For the new study, Fu and co-author Malte Jung, associate professor in information science and the Nancy H. ’62 and Philip M. ’62 Young Sesquicentennial Faculty Fellow, worked with doctoral student Ji Won Chung and Jeff Huang, associate professor of computer science, both at Brown, and Zachary Deocadiz-Smith, an independent extended reality designer. 

They observed five pairs of individuals – a wearer and a non-wearer – as each pair discussed a desert survival activity. The wearer received Spectacles, an AR glasses prototype on loan from Snap Inc., the company behind Snapchat. Spectacles look like avant-garde sunglasses and, in the study, came equipped with a video camera and five custom filters that transformed the non-wearer into a deer, cat, bear, clown or pig-bunny.

Following the activity, the pairs engaged in a participatory design session where they discussed how AR glasses could be improved, both for the wearer, and the non-wearer.
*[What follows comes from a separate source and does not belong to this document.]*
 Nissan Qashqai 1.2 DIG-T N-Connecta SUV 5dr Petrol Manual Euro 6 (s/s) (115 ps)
The participants were also interviewed and asked to reflect on their experiences.

According to the wearers, the fun filters reduced their anxiety and put them at ease. The non-wearers, however, felt disempowered because they didn’t know what was happening on the other side of the lenses. They were also upset that the filters robbed them of control over their own appearance. The possibility that the wearer could be secretly recording them without consent – especially when they didn’t know what they looked like – also put the non-wearers at a disadvantage.

The non-wearers weren’t completely powerless, however. A few demanded to know what the wearer was seeing, and moved their faces or bodies to evade the filters – giving them some control in negotiating their presence in the invisible mixed-reality world. “I think that’s the biggest takeaway I have from this study: I’m more powerful than I thought I was,” Fu said.
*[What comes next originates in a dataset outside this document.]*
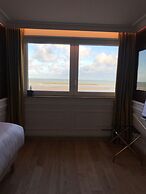 Hotel Merveilleux Côté Mer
Another issue is that, like many AR glasses, Spectacles have darkened lenses so the wearer can see the projected virtual images. This lack of transparency also degraded the quality of the social interaction.

“There is no direct eye contact, which makes people very confused, because they don’t know where the person is looking,” Fu said. “That makes their experiences of this conversation less pleasant, because the glasses blocked out all these nonverbal interactions.”

To create more positive experiences for people on both sides of the lenses, the study participants proposed that smart glasses designers add a projection display and a recording indicator light, so people nearby will know what the wearer is seeing and recording.

Fu also suggests designers test out their glasses in a social environment, hold a participatory design process like the one in their study, and consider the resulting video interaction as a data source. 

That way, non-wearers can have a voice in the creation of the impending mixed-reality world.

This work received support from the National Science Foundation.

Patricia Waldron is a writer for the Cornell Ann S. Bowers College of Computing and Information Science.